The Grand Egyptian Museum is not only committed to preserving cultural heritage but also dedicated to sustainability. It proudly holds the distinction of being Egypt's first environmentally friendly green building, fostering social unity, economic growth, and environmental protection.
At the entrance of the Grand Egyptian Museum, visitors are greeted by a breathtaking wall adorned with hieroglyphs, honoring Egypt's legendary kings and queens. This grand institution is the world's largest archaeological museum solely dedicated to the Egyptian civilization.
Tailor-made to celebrate the grandeur of ancient Egypt, the museum stands as a global cultural icon.
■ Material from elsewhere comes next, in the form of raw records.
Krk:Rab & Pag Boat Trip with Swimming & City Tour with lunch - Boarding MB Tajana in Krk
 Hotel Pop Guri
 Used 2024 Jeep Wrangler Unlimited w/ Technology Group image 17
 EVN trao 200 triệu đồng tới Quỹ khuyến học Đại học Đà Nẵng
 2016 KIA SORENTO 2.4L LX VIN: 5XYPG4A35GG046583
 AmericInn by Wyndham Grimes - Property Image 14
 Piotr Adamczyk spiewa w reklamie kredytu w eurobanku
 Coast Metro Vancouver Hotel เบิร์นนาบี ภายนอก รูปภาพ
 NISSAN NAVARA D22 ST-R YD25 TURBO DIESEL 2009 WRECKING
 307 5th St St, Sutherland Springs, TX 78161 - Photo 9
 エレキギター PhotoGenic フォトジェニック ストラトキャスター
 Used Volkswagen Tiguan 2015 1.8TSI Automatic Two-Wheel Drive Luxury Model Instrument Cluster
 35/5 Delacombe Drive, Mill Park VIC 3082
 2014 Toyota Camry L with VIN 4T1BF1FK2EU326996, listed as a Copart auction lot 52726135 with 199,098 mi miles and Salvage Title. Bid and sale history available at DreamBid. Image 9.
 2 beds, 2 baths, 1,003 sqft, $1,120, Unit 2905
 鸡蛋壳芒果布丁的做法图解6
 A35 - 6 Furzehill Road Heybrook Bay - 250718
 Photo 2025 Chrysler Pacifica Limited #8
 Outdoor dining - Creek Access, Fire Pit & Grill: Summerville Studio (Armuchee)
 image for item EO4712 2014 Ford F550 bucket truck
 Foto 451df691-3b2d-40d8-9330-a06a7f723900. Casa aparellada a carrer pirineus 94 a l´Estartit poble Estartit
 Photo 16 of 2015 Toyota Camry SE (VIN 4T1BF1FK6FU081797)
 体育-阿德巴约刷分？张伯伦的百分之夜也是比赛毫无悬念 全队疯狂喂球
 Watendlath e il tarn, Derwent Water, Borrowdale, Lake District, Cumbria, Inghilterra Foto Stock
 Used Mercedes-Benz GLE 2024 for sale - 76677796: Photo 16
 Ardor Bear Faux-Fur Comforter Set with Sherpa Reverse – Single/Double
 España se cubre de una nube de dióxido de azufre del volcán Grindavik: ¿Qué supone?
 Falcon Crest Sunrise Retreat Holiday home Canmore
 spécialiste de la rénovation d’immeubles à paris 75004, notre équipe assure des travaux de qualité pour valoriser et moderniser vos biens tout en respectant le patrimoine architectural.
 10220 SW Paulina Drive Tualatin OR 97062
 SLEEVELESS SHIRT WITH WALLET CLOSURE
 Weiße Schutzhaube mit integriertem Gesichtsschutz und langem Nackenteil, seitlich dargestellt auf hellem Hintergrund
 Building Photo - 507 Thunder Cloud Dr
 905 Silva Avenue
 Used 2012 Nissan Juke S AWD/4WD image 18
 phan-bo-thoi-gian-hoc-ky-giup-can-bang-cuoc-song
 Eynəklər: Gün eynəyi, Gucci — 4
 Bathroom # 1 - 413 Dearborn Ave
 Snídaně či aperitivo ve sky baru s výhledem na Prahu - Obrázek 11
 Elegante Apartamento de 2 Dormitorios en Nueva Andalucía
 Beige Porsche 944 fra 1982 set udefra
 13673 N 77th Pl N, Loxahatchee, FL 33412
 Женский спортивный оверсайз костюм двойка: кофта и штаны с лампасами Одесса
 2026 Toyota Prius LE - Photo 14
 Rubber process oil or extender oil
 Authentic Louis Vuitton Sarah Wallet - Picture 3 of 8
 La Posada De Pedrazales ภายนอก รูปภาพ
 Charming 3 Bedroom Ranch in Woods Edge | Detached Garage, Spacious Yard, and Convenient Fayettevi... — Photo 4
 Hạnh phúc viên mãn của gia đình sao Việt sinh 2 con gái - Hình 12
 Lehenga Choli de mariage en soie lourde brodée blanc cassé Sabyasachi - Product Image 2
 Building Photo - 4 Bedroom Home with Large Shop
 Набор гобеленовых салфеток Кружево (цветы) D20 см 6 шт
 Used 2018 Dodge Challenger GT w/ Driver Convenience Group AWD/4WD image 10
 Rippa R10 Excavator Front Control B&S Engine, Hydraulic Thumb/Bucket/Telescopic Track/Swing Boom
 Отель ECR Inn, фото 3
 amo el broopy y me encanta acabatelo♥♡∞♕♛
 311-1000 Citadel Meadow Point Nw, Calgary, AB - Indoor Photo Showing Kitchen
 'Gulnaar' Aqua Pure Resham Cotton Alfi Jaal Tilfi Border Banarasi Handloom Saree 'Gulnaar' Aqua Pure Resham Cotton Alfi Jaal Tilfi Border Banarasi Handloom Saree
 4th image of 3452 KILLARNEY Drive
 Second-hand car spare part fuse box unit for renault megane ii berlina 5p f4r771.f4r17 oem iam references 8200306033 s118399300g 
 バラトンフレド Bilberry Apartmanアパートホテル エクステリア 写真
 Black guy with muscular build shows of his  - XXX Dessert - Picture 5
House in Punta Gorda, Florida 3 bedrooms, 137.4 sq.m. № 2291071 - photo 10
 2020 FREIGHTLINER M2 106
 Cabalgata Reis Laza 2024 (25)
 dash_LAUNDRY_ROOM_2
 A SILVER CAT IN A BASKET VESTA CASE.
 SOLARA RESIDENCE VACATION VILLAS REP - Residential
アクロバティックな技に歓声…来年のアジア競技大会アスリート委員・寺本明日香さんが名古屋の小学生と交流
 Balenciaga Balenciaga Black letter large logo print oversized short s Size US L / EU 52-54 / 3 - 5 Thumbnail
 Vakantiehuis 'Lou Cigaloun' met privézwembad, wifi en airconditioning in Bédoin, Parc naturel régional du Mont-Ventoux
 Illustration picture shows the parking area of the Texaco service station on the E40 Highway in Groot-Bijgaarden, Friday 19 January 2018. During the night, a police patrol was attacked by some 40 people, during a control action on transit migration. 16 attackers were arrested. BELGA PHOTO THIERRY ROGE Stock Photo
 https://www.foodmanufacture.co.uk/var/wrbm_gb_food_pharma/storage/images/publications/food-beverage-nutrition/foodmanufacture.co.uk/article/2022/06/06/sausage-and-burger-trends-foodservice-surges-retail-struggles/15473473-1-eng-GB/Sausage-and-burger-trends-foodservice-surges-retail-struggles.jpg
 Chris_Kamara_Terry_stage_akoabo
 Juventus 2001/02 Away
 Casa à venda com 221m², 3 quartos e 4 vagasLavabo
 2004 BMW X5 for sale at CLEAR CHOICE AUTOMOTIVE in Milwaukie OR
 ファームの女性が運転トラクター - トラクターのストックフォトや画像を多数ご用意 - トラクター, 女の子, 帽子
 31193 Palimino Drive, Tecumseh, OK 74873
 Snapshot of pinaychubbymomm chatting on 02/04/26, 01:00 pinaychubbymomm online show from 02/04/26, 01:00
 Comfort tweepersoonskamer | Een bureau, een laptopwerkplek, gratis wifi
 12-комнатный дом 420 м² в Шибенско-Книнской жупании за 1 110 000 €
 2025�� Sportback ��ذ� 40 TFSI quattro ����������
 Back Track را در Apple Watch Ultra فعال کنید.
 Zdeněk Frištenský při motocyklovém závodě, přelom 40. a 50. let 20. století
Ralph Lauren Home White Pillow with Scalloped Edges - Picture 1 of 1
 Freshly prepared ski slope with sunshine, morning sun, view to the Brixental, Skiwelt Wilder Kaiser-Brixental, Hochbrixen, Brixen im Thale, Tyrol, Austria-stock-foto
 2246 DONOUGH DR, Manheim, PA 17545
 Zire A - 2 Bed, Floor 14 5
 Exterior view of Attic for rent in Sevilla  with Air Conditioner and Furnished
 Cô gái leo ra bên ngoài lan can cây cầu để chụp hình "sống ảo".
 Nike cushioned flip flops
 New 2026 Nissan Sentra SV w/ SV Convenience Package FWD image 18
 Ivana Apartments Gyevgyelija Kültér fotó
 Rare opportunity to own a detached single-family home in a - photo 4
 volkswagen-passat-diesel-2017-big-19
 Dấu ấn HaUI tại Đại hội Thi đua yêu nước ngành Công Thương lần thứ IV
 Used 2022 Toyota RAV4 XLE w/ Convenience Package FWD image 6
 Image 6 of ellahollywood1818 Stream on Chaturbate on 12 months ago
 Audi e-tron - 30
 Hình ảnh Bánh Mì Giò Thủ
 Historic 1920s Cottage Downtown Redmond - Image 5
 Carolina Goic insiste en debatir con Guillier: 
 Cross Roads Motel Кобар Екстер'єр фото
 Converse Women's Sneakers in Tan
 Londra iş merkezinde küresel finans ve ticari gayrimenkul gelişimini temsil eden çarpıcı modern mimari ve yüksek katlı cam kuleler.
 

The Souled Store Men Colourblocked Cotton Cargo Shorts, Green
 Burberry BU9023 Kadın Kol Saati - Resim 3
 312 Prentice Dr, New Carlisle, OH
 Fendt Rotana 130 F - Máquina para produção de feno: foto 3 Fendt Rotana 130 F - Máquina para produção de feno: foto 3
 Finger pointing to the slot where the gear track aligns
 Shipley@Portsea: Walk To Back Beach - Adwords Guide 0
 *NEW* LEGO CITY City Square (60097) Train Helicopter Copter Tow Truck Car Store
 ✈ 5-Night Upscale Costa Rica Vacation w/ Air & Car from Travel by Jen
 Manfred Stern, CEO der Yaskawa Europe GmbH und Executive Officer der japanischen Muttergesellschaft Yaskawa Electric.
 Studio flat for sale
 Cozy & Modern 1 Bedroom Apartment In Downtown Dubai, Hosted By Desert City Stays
It boasts a striking exterior design featuring the iconic pyramid, with seven large pyramidal structures and numerous smaller pyramid designs adorning its façade.
The museum is set to house a remarkable collection, including all of Tutankhamun's artifacts, a total of over 5,000 items spread across 7,000 square meters.
Among the museum’s treasures are rare artifacts like a double statue of the deities Amun and Mut, King Ramses II's pink granite column, and Queen Hatshepsut's colossal granite statue. Notable inscriptions and murals from various ancient rulers adorn its walls.
The museum's architectural alignment with the Pyramids of Giza and its yearly sun phenomenon, mirroring Abu Simbel's alignment, showcase the precision of ancient Egyptian engineering.
Beyond its vast collection, the museum offers six main galleries housing over 100,000 Egyptian artifacts, as well as temporary exhibition halls, a children's museum, library, cinema, auditorium, conference center, retail shops, dining options, and extensive gardens and open spaces.
Notably, King Tutankhamun's scarf and the Khufu Solar Ship will find their home in the museum, which stands as the world's largest museum dedicated solely to the greatness of the Egyptian civilization.